While the authors have no experience of zuclopenthixol decanoate or fluphenazine decanoate, all equine veterinarians will be familiar with the antipsychotic acepromazine, which has for a long time been used to manage horses in need of tranquilisation. Its use in equine anaesthesia, as part of premedication for general anaesthesia or to augment standing sedation (both combined with alpha-2 agonists and opioids) is commonplace, and in such protocols, it can help reduce excitability and smoothen recovery. For behavioural management, as a dopamine antagonist, acepromazine alone has no appreciable anxiolytic properties and it likely has a negative (depressive) impact on mood. Be that as it may, the reduction in spontaneous motor activity may provide safety benefits when used in horses that may otherwise injure themselves. Ideally, when horses are excessively fearful or anxious, an anxiolytic should be used in the first instance (e.g. trazodone, alprazolam or fluoxetine for longer-term use), and both authors have seen increased efficacy when acepromazine is combined with an anxiolytic. However, under some circumstances, such as horses competing under FEI rules, these agents are banned so cannot be used, and acepromazine may be the only option to keep a horse (and its handlers) safe.
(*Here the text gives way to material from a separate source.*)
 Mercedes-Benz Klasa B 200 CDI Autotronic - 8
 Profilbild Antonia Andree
The use of behaviour modifying drugs/psychopharmaceuticals can be well justified in individual cases of equine problematic behaviour, and/or horses subjected to highly stressful (medical) interventions, and it would be detrimental to consider any behavioural modifying drug to have no place in equine practice—in fact, many sedatives and anaesthetic agents can impact how an animal feels and are behaviour modifying. While such drugs have no place in competition or performance enhancement, it is the authors' personal experience and opinion that for individual horses showing problematic behaviours, a psychopharmaceutical, ideally alongside a behaviour modification programme, is beneficial and underutilised. As a result, fractious, fearful or frustrated horses needing to undergo veterinary procedures are more likely to be darted or tele immobilised and/or receive high dosages of alpha-2 agonists, (strong) opioids or ketamine, with higher risk of complications following sedation and anaesthesia. Prudent pretreatment with anxiolytics such as alprazolam or trazodone can be justified on an individual case-by-case basis and can greatly enhance welfare and safety of chemical restraint in extremely difficult horses. Be that as it may, it is difficult to justify their use for routine handling, especially as most procedures can be trained with minimal stress to the horse if using learning theory and modifying the training according to current emotional state.
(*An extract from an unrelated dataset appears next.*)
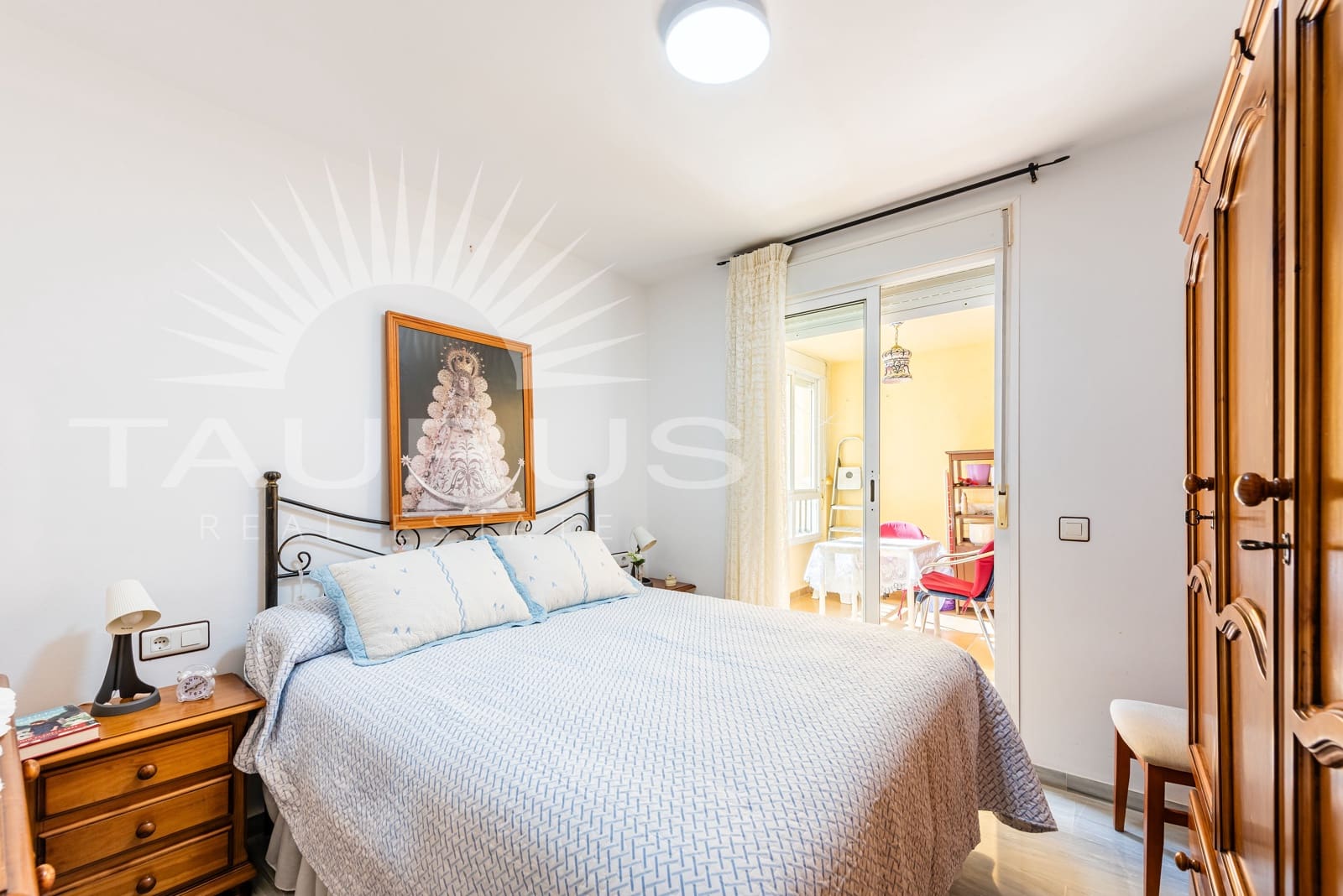 3 soverom Leilighet til salgs i Algarrobo Costa med garasje - € 350 000 (Ref: 10031635)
Racing, and equestrianism generally, is already under pressure to maintain its social licence to operate, and a key component is transparency (Pearson et al., 2023). It is difficult to maintain that weaning, handling during sales preparation and the sales themselves are not stressful for horses, when the use of antipsychotic drugs, such as acepromazine, is commonplace. How would the general public feel about this? Equine vets are well positioned to advise on the judicious use of psychopharmaceuticals where indicated for an individual case, and potentially also to support trainers in making changes to their management, increasing their knowledge of equine behaviour or seeking help from a clinical animal behaviourist as required (Doherty et al., 2017; Pearson, 2019; Wolframm et al., 2023). Ultimately, welfare represents how an animal feels, and so we have a responsibility to maximise positive emotional states and minimise negative ones.

Janny C. de Grauw: Conceptualization; data curation; writing – original draft. Gemma Pearson: Conceptualization; data curation; writing – original draft.

None.

No conflicts of interest have been declared.

Not applicable to this clinical commentary.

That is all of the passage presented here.